START Source data
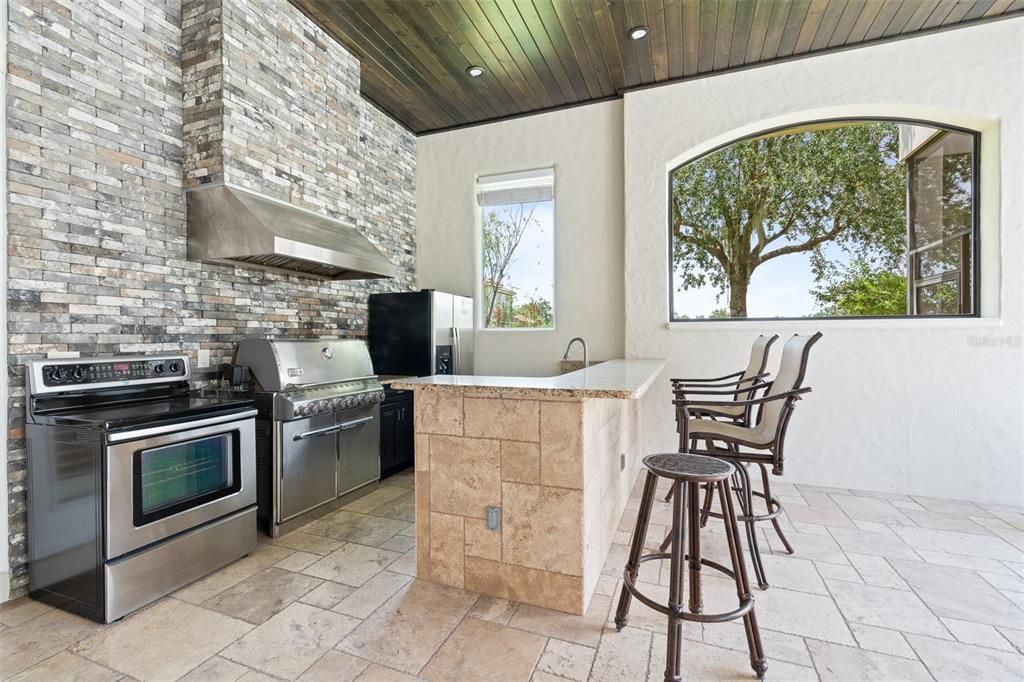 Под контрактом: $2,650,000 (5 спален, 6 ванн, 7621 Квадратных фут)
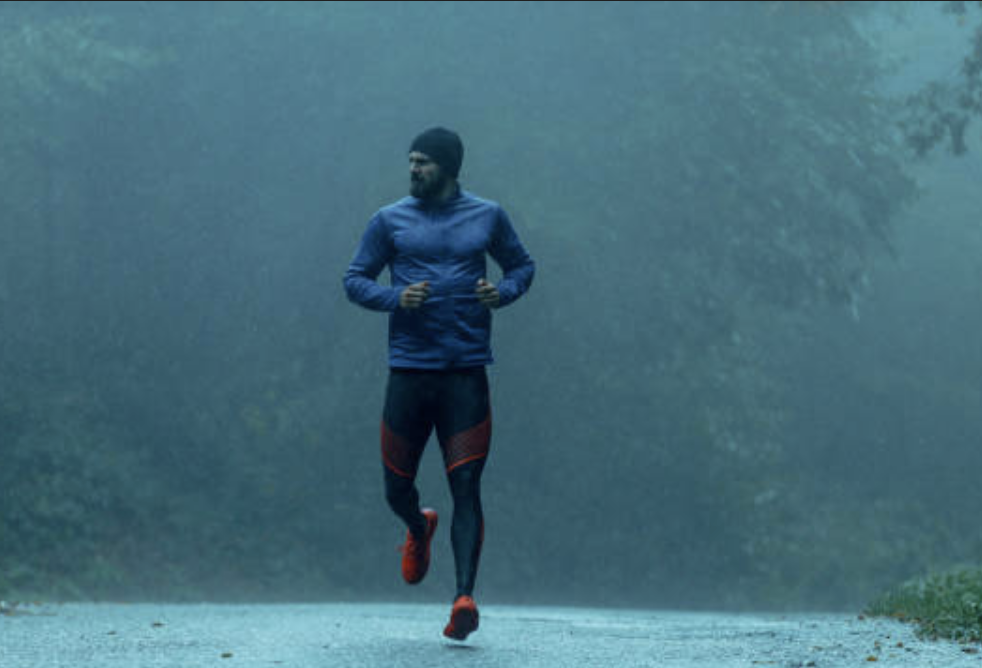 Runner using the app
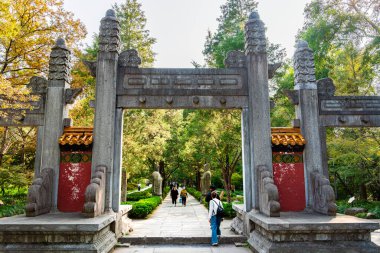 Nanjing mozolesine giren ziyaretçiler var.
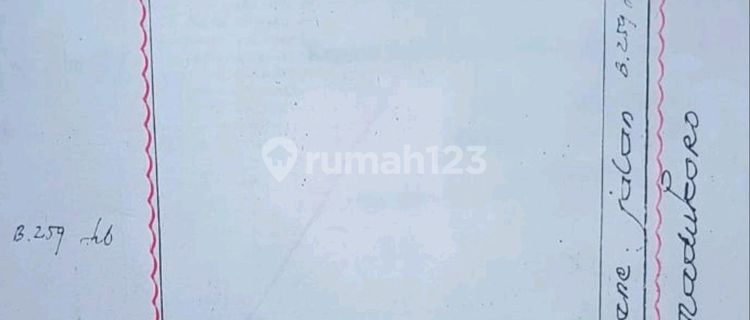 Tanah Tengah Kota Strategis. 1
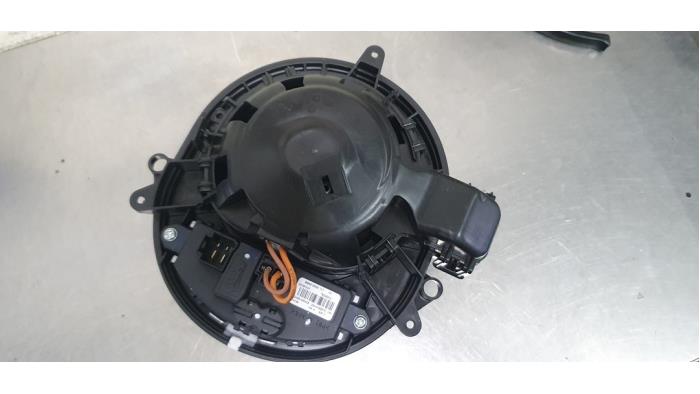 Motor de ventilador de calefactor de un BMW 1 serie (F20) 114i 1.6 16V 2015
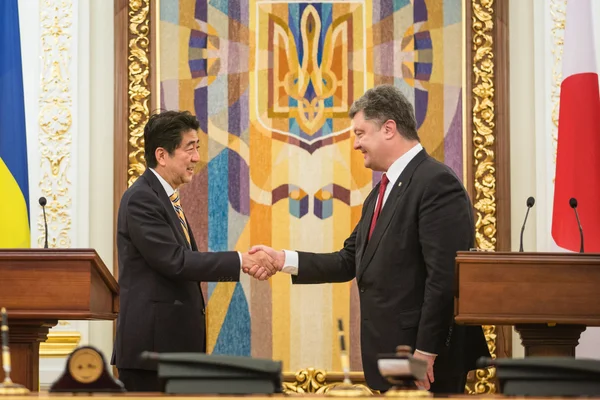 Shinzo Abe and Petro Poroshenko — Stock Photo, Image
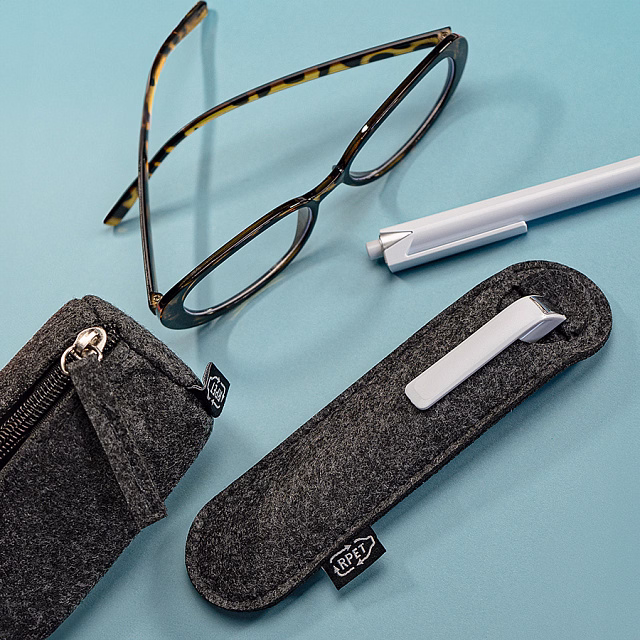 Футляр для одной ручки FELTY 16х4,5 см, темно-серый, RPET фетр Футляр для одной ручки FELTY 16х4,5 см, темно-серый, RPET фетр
END Source data
_What you should do_
Your output should be the lines above from the one that contains "Runner using the app" through the one that contains "Shinzo Abe and", word for word, with pictures left out.

_Task solution_
 Runner using the app
 Nanjing mozolesine giren ziyaretçiler var.
 Tanah Tengah Kota Strategis. 1
 Motor de ventilador de calefactor de un BMW 1 serie (F20) 114i 1.6 16V 2015
 Shinzo Abe and Petro Poroshenko — Stock Photo, Image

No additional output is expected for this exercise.